**Task to complete**
Once "Wo die wilden" turns up in a line below, reproduce that line and those after it exactly, stopping after the line with "Aerial view of"; leave pictures out.

**Records for the task**
•••••

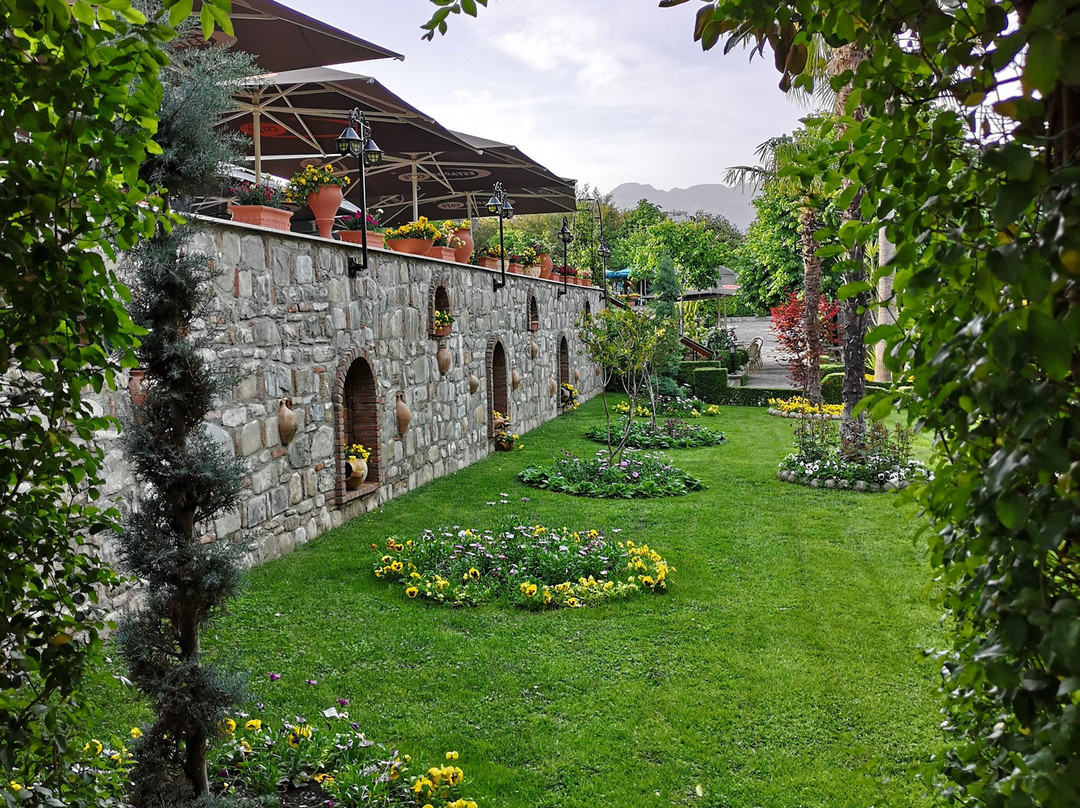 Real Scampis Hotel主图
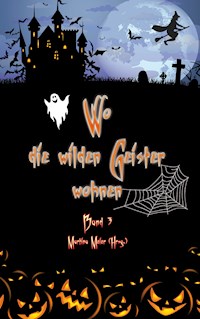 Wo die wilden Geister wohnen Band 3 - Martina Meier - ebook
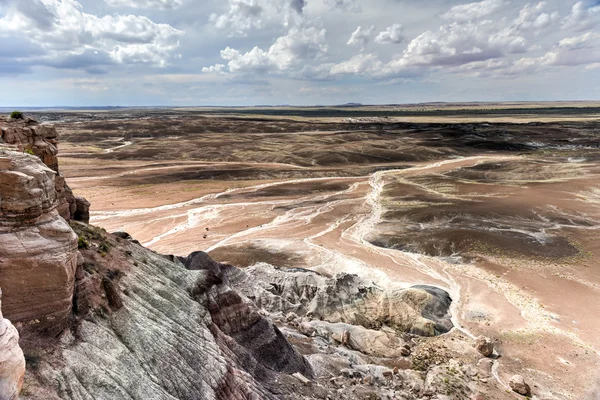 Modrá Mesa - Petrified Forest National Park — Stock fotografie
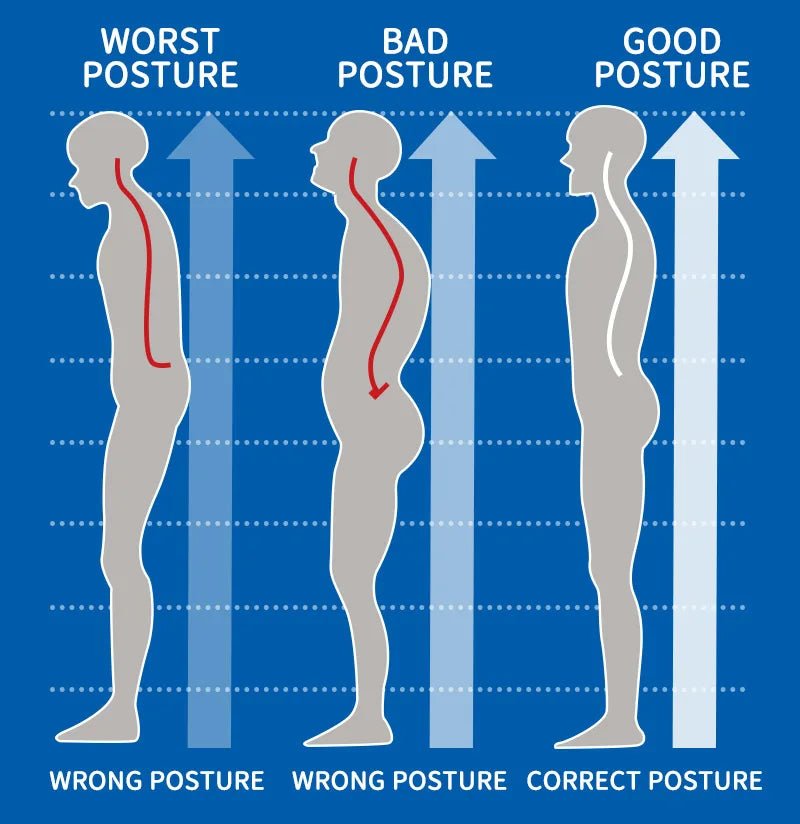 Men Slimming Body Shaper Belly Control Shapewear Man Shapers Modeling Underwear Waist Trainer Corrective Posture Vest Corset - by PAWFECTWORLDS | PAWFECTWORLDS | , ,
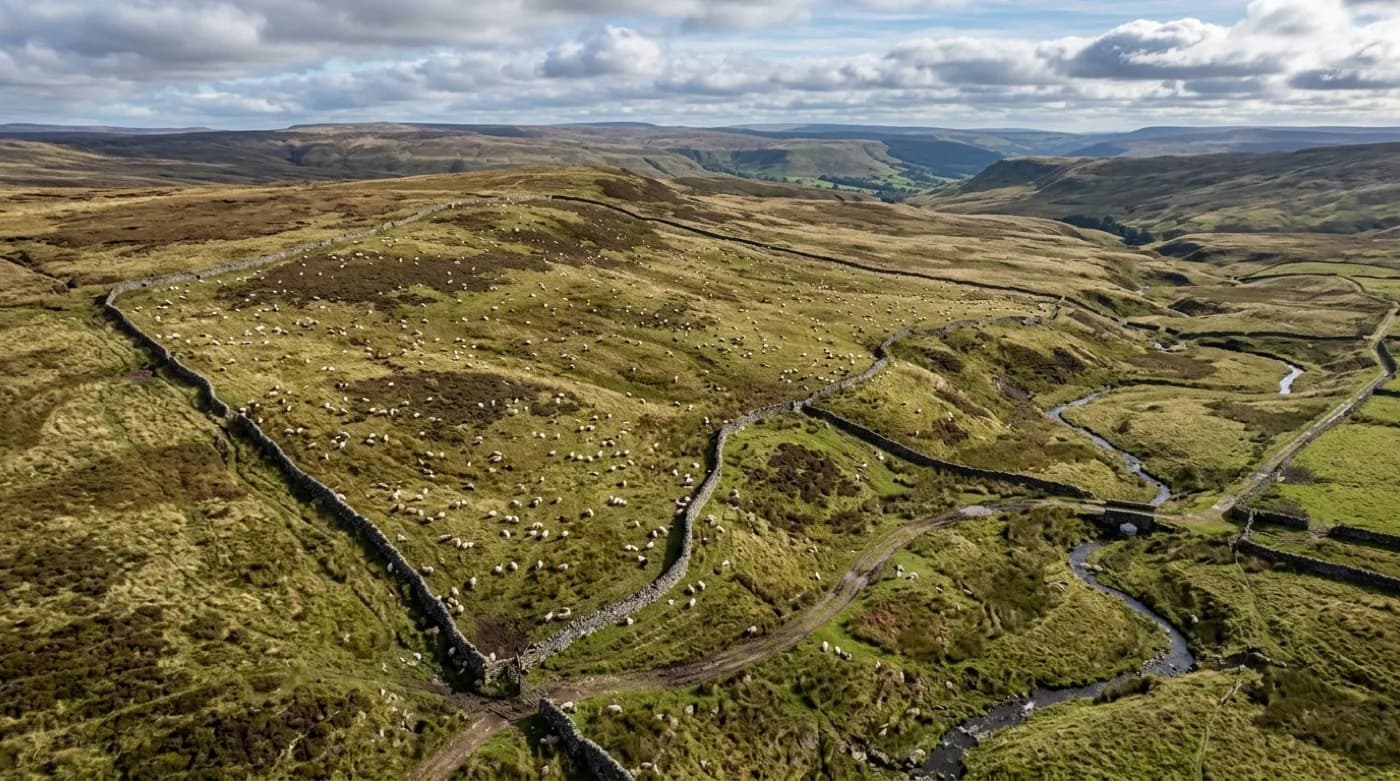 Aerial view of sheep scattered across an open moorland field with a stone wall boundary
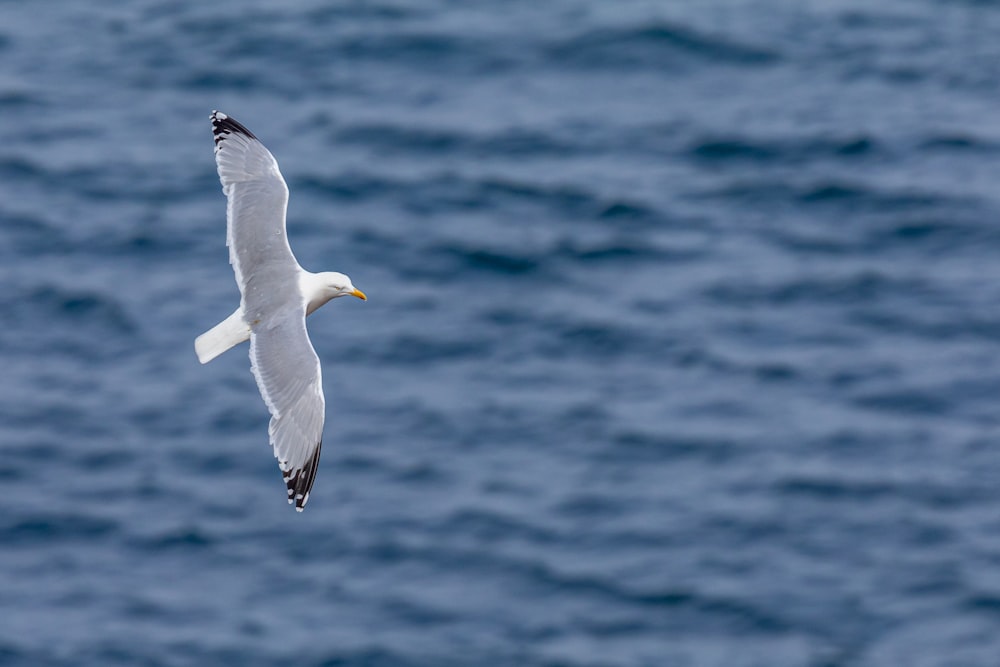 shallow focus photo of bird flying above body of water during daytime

•••••

**Reply to the task**
 Wo die wilden Geister wohnen Band 3 - Martina Meier - ebook
 Modrá Mesa - Petrified Forest National Park — Stock fotografie
 Men Slimming Body Shaper Belly Control Shapewear Man Shapers Modeling Underwear Waist Trainer Corrective Posture Vest Corset - by PAWFECTWORLDS | PAWFECTWORLDS | , ,
 Aerial view of sheep scattered across an open moorland field with a stone wall boundary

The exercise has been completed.